Except for my friend Megan, of course. She'll just demurely eat her salad, oblivious to the stares and not making a scene at all. But I'll still have everyone's attention because I tend to chomp noisily when I'm enjoying a meal, and apparently I want everyone in the restaurant to know that I think people taste great.

....

So, yeah. That's why I don't like to go out much. Because people are either judgmental cannibals or vegan, and there's no way to tell without waving your pinky in front of their faces and seeing who bites. I'd much rather distract myself from the possibility of falling off the earth with a good book than have to notice whether or not there are other people around.

Anyway, I was halfway through my book -- and craving bacon for some reason -- when Megan's car pulled up. It was a small, blue, four-door Chevy and that description pretty much exhausted my knowledge of cars. I tucked my manga into my purse and got in on the front seat passenger side.

"Morning, Abby," Megan said in greeting as I buckled myself in. That's one of the things I love about her. Megan is aware that "good" and "morning" are oxymoronic in conjunction -- even if her bright-eyed, chipper smile implied that perhaps they didn't form a contradiction in terms when applied to her own life.

"Morning," I answered back as I settled in.

Cars are one of the things I have issues with -- especially when I'm the one driving.

I have my license because dad insisted it was a necessity of life, but when he was teaching me to drive he impressed on me the ease with which one could lose control of a vehicle and kill everyone around them and everyone riding with them and be forced to live for decades in a hospital, paralyzed from a severed spine and guilt.

I never quite got over that. But it doesn't bother me so much if someone else is driving.
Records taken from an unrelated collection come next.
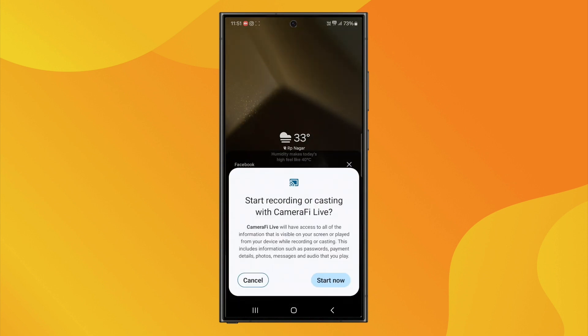It will ask for permission to start screen recording. Tap Start Now. And that's it. You're now live on Facebook, and your screen is being shared.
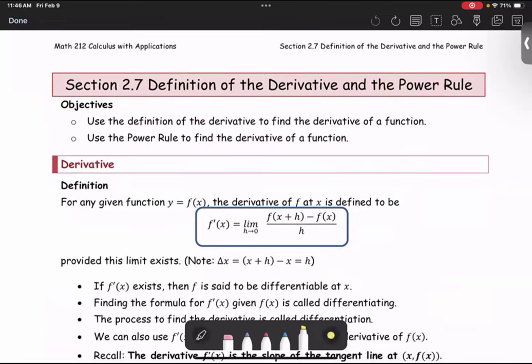In this section 2.7, we are going to use the definition of the derivative to find the derivative of the function, and use the power rule to find the derivative of the function.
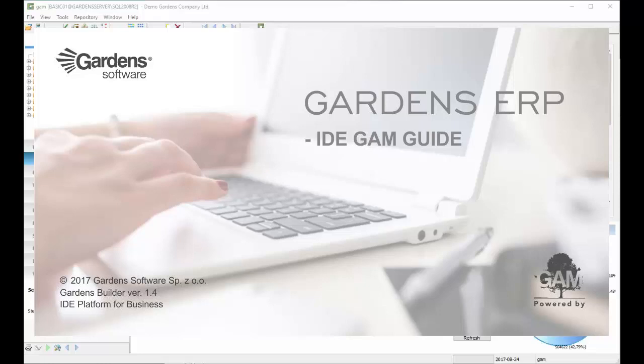Welcome to Garden System Guide. In this video we'll show you how to add logic to earlier established Data Schema Tree.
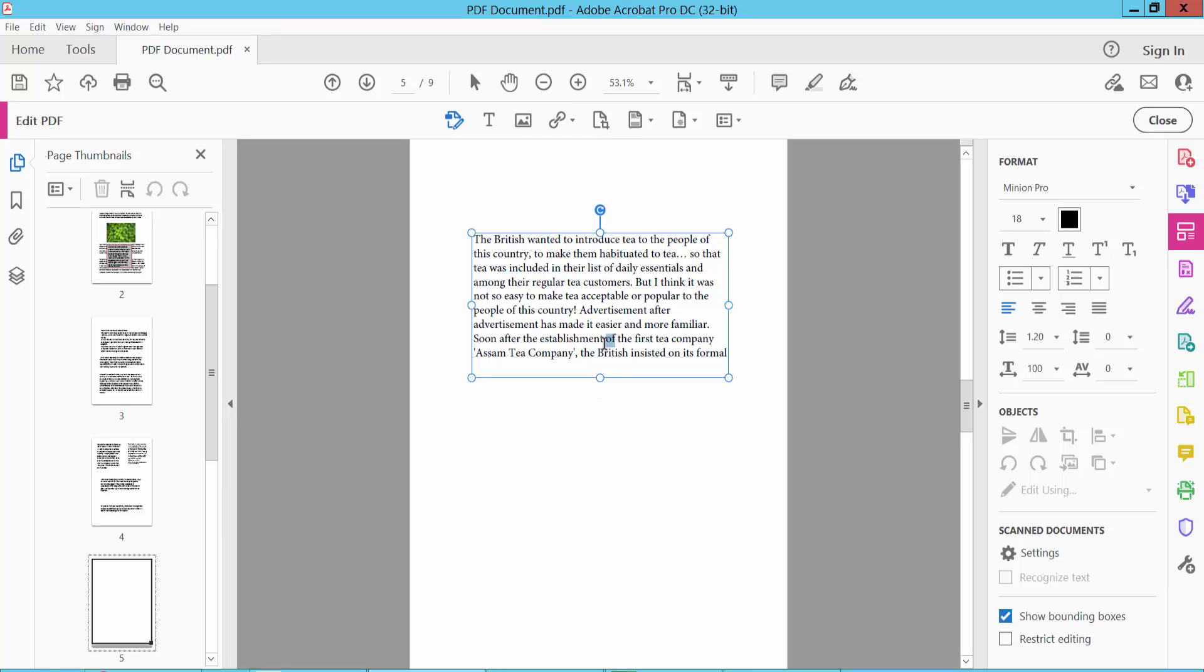And now click on this text box. You can type new text. Also you can move text from this text box.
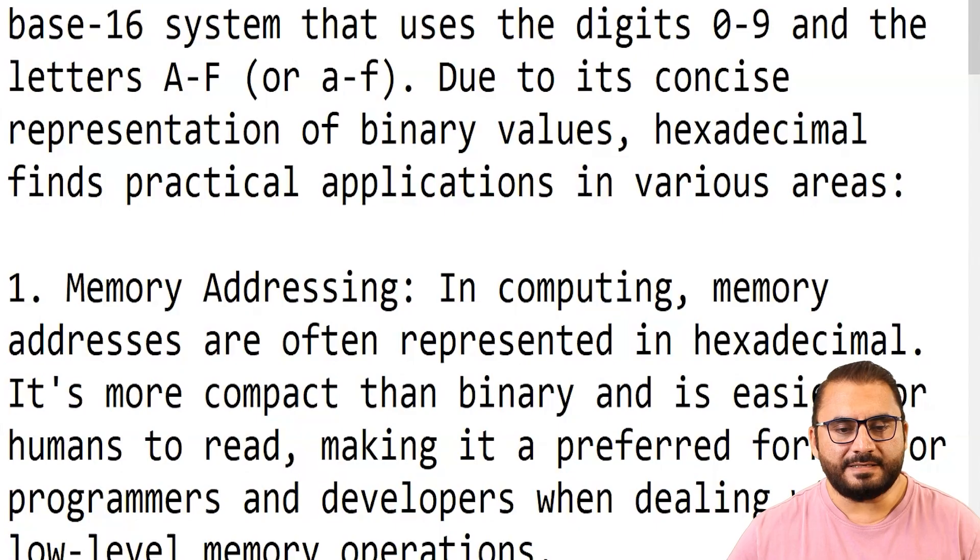Hello and Asalaamu Alaikum. This is Nafar Ali Khan and I am here with a short lecture for the uses of hexadecimal. So let's see this screen.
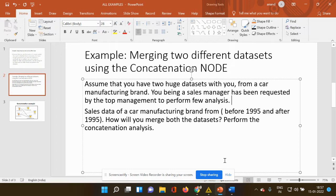The first dataset has data pertaining to the sales before 1995 and the second data sheet has the data pertaining to the sales after 1995, that is pre-1995 and post-1995. So how do you merge both the datasets? That has to be done only using the concatenation analysis or the concatenation node.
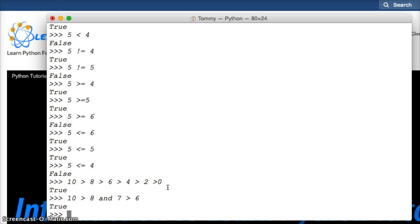So, comparison operators, you will use them a lot in programming. You will get very used to them, and as we move on, we'll be using them too when we start building more and more programs. So, if you have any questions, leave a comment on YouTube or on our website at learnpythontutorial.com. And we will see you in the next tutorial.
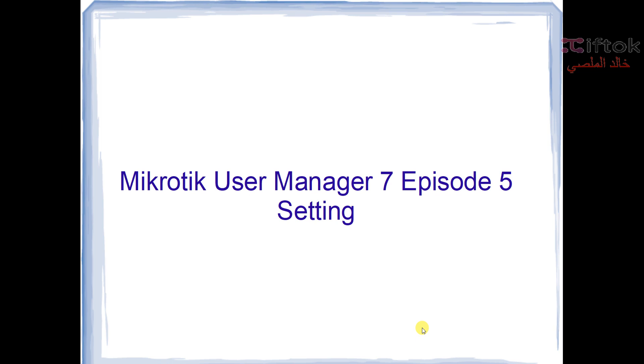Hello, welcome everyone to this episode, episode 5 in MikroTik 7 course User Manager 7. We're talking about settings in this episode and basic settings and how to set basic settings in User Manager 7.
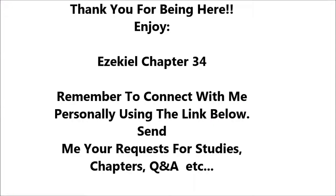Ezekiel 34. The word of the Lord came to me. Son of man, prophesy against the shepherds of Israel. Prophesy and say to them, even to the shepherds. Thus says the Lord God, Ah, shepherds of Israel, who have been feeding yourselves, should not shepherds feed the sheep?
If I'm not behind the wheel and not distracting the driver, then any cataclysmic accident won't be my fault. Maybe it's a little weird, but being unable to affect the outcome of a trip is just about the only way I can stand to be in a car for an extended period.

Now, my fear of strangers and being sold to slavers does prevent me from availing myself to public transportation or cab services, but fortunately for me Megan has no problem with driving. I carpool to and from work with her every day, and she usually gives me a ride to anywhere else I need to be but can't walk to.

Megan is an awesome friend. My best friend.

She's also a total Mary Sue. She's smart; I always had to crib her notes in college. She's fun and sociable; she was always inviting me out to parties she'd been invited to, and still does.

She's even independently wealthy, thanks to an inheritance from her dowager aunt or something. She doesn't really talk about her family, so I guess there's some kind of tension there, but that's not a character trait so it totally doesn't count against her Mary Sue status.